Betty Smith gave simple advice to writers: “First: Be understanding always. Keep the understanding you have and add on to it.” As the author of A Tree Grows in Brooklyn (1943)—a best-selling novel that challenged the myth of poverty as a choice, and allowed low/no-wage characters to demonstrate courage and perseverance—Smith was always asking “why”.
“There is a reason for the way every person is,” she believed. All of this from Valerie Raleigh Yow’s biography, which I read as part of research this summer, for an essay to be published later this year that revolves around Smith’s novels. It was while working on the final edits, compulsively refreshing the NYTimes page for election results, that I discovered this epigraph to Liz Nugent’s Little Cruelties: “The awful thing in life is, everyone has their reasons.”
This took me straight to some Depeche Mode song lyrics: “People are people so why should it be / You and I should get along so awfully?” All of which is to say that a lot of people, and a lot of the time, wonder about other people’s reasons. From the polarized scene of the American political unrest surrounding the recent election, to holiday dinner tables around the world, so many people are asking the same question: “Who’s the favourite?”

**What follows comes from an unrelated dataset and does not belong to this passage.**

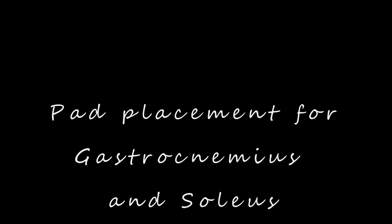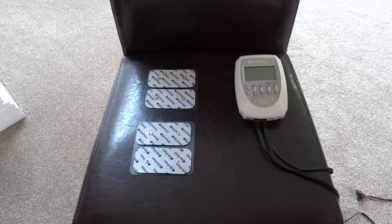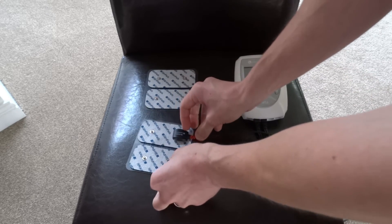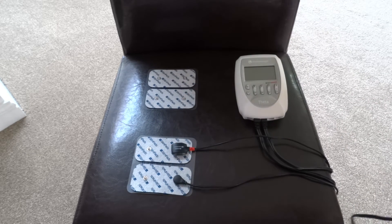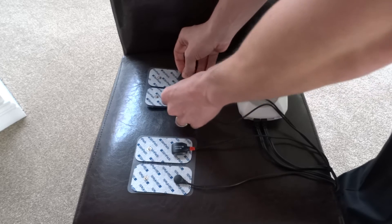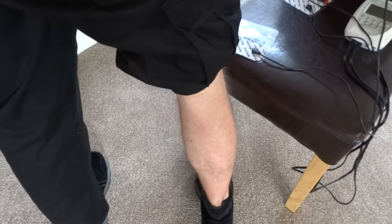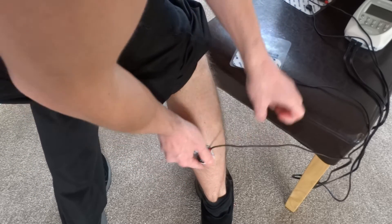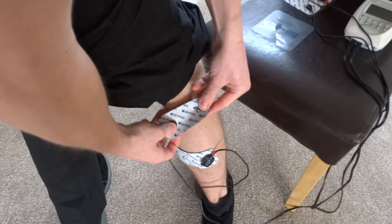Where do you place the pads for stimulating the Gastrocnemius and Soleus? The pad placement will be the same for each — you will get both. You need two 5x10cm electrode pads for each calf. Place the negative black electrode on the proximal upper calf, and the positive red electrode on the middle of the gastrocnemius muscle bellies. This way the current runs through the motor points of both the gastrocnemius and the soleus.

But let me back up just a little, because the first question that Liz Nugent’s readers are asking, is “Who died?” This is Irish writer Liz Nugent’s fourth novel. From the beginning, with her debut Unravelling Olivier (2014), Nugent has been concerned with the harm done in families, whose members are supposed to love one another. She examines situations that could be intimate and moving, but which turn out to be violent, ominous, and irrevocable. Little Cruelties opens at a funeral, where family members are grieving.